Mein Corona-Skill (Dinge, die ich während Corona gelernt habe): Zu meditieren und lustige Zoom-Hintergrundbilder zu gestalten
1) Auf welcher Plattform hat man dich während des Lockdowns am meisten gefunden und welcher Content hast du dort konsumiert?

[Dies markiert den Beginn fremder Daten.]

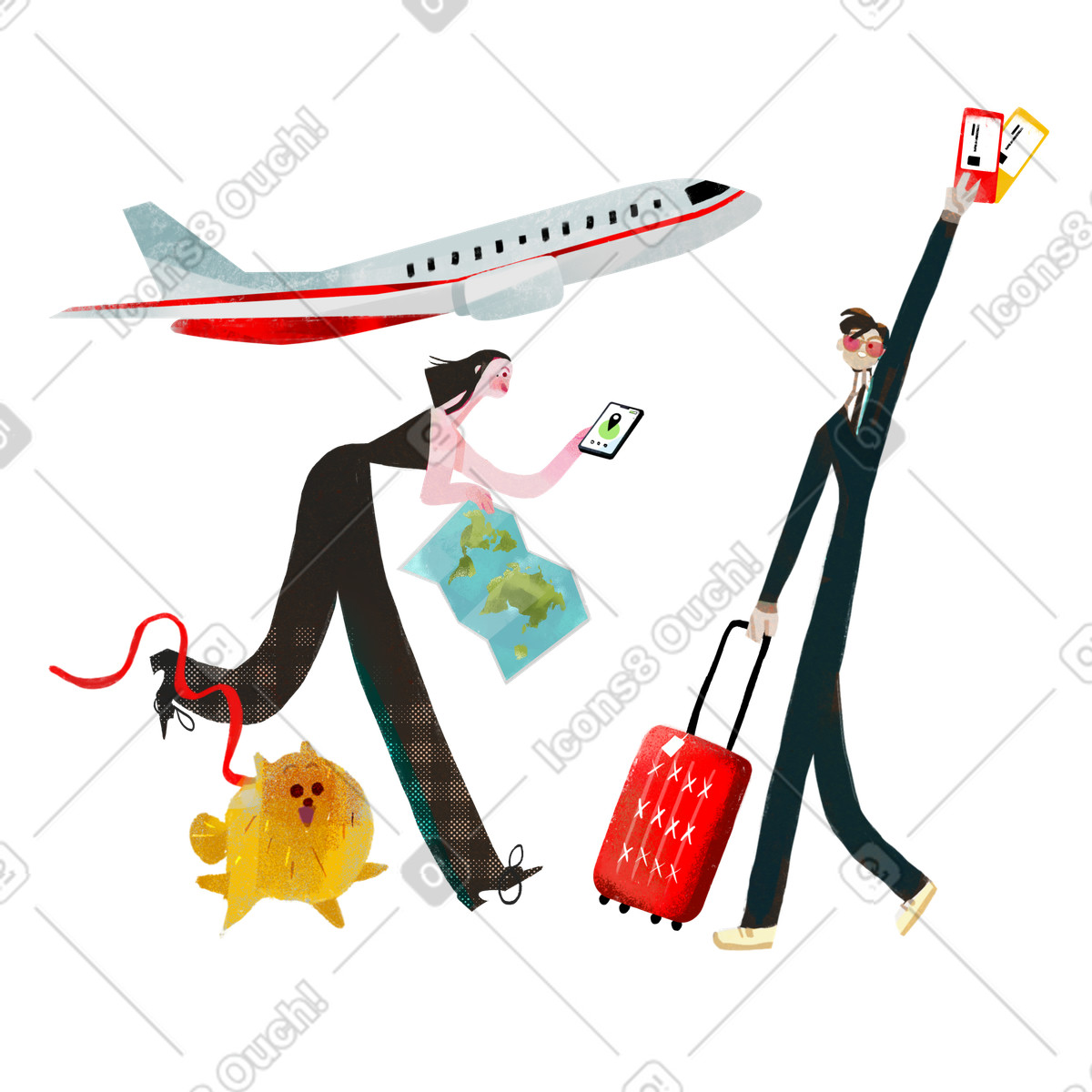 下载 Fabulous 风格的 男人、女人和狗航班迟到 插画，支持 PNG、SVG 格式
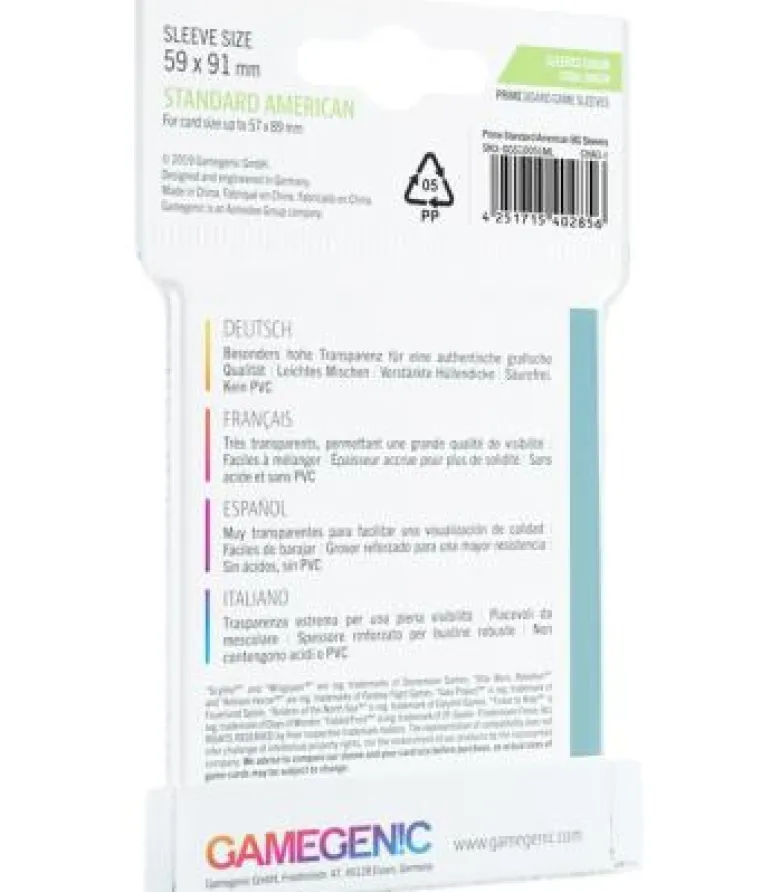 Gamegenic: Prime Standard American Sleeves 59x91mm (50)
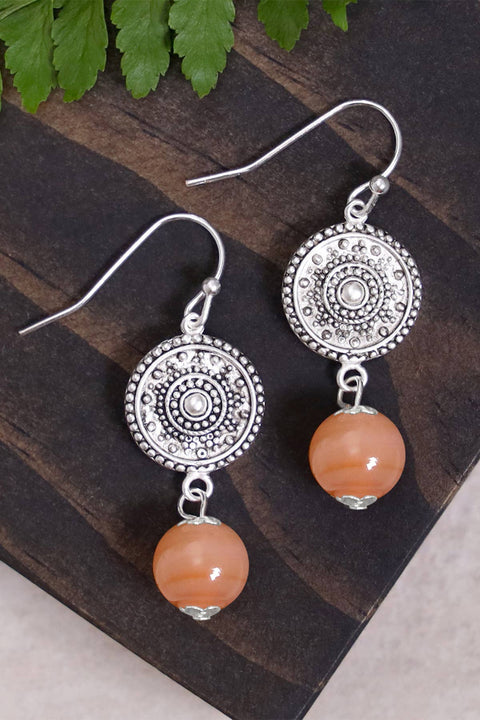 Peach Murano Glass & Mandala Disc Drop Earrings - SF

Auf welcher Plattform? Im Grunde könnte man ja auch den #FehmarnSteg als Plattform betrachten. 🙂 Jedes Jahr fange ich schon im April damit an, morgens vom Steg in die Ostsee zu springen. Da konsumiere ich aber keinen Content, sondern produziere welchen. Mit iPhone, Gopro oder Drohne – je nachdem. Ich poste die Videos der Stegsprünge unter anderem auf Facebook und LinkedIn. Total irre: Manchmal schauen sich über alle Plattformen hinweg 50.000 Menschen oder mehr einen morgendlichen Sprung an. Und es kommen Marketingentscheider auf mich zu, die sagen: „Ich sehe morgens immer ihre Stegsprünge! Wir sollten mal sprechen.“ Ich habe während des Lockdowns eine Zeit lang im „Insel-Office“ auf Fehmarn gearbeitet. Meine Familie war in unserem Ferienhaus, ich tagsüber im Nachbarort. Damit ich ungestört an Videomeetings teilnehmen konnte, hatten mir nämlich Freunde auf ihrem Hof eine der leeren Ferienwohnungen zur Verfügung gestellt. Morgens bin ich über den Deich mit dem Fahrrad hingefahren und abends zurück. Das war eine merkwürdige, aber auch bemerkenswerte und schöne Zeit.
2) Wie bleibst du trotz Distanz beruflich und privat in Kontakt?
Ich bin weiter vorsichtig, wir bei achtung! sind weiter vorsichtig. Wir reisen nur in absoluten Ausnahmefällen und mein letztes Geschäftsessen liegt lange zurück. Ich persönlich bin ein großer Fan von Videotreffen geworden und nutze sie nicht nur beruflich, sondern auch privat. Zudem habe ich wie viele andere einen riesigen Spaß bei der Auswahl oder Gestaltung überraschender Zoom-Hintergründe. Manchmal lass‘ ich im Hintergrund auch einen Stegsprung mit Sonnenaufgang laufen.
3) Seit Corona ist kein Tag wie der andere und Entscheidungen, die du gestern getroffen hast, sind heute schon wieder egal. Wie motivierst du dich dennoch jeden Tag aufs Neue?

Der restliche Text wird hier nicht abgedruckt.